Other students, such as Carissa Ward like both options, “I like having the option to look something from your textbook up on your phone just in case, however I prefer a physical copy to mark up and colour-coordinate and leave notes!” Similarly, Chantelle stated, “I think there should be an option for which you want, and a cost difference.  I don’t understand how they took physical textbooks away but we’re paying the same amount!”

Mariah Zinnash stated, “I’m all for the use of eBooks so long as we get a slight discount considering this is soon to be our only option due to COVID-19.  However.  The inclusion of lessons exclusively designed for use with e-texts makes the course material more mobile and ultimately more marketable on the eLearning market.  It will allow more people to learn remotely and will ease Canada Post shipping services, freeing the postal system up for the shipping of essentials during the pandemic.  The positives out-weigh the temporary negatives and will allow students more flexibility, during a time when adaptability is the only strategy for national survival.”

This move to digital reading has not simply been solely an AU initiative, as other schools worldwide have slowly been switching to e-texts for a variety of reasons, including environmentally conscious ones.  Proponents also believe that another benefit of e-texts is their variety of features, including interactive tools, including hyperlinks and additional sources.

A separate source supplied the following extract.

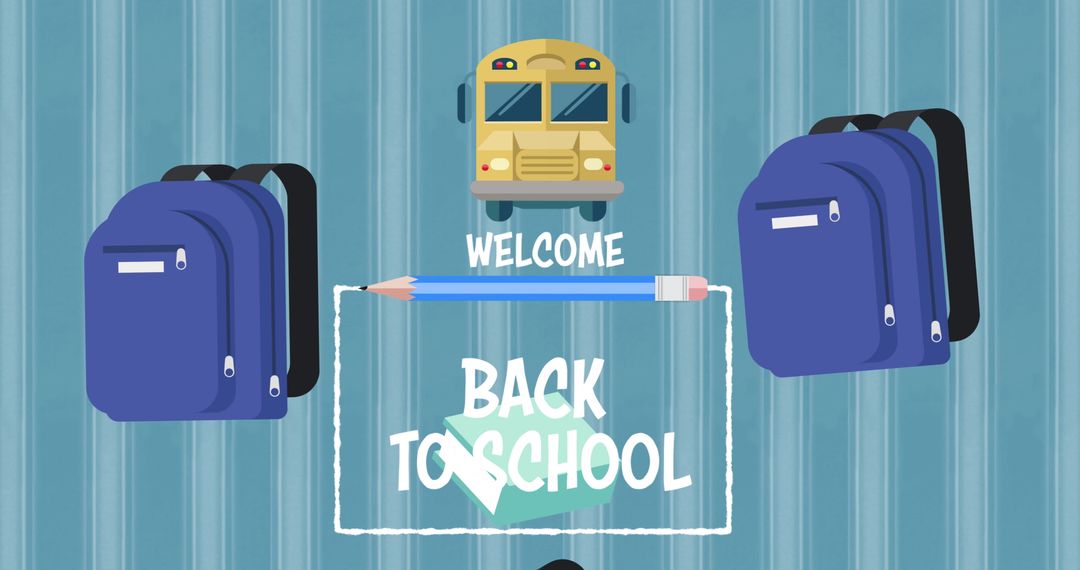 Illustration Signifying Welcome Back to School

However, there have also been increasing debates whether e-texts are beneficial to student learning, in particular, the absorption of material through e-text.  Many are also concerned about additional strain in eyesight.  In addition, often, online versions are cheaper than physical textbooks, when costs associated with physical textbooks, such as warehousing, selling, and shipping are eliminated.  Ultimately, whichever one’s stance, it appears that at online institutions, such as AU, e-texts are here to stay.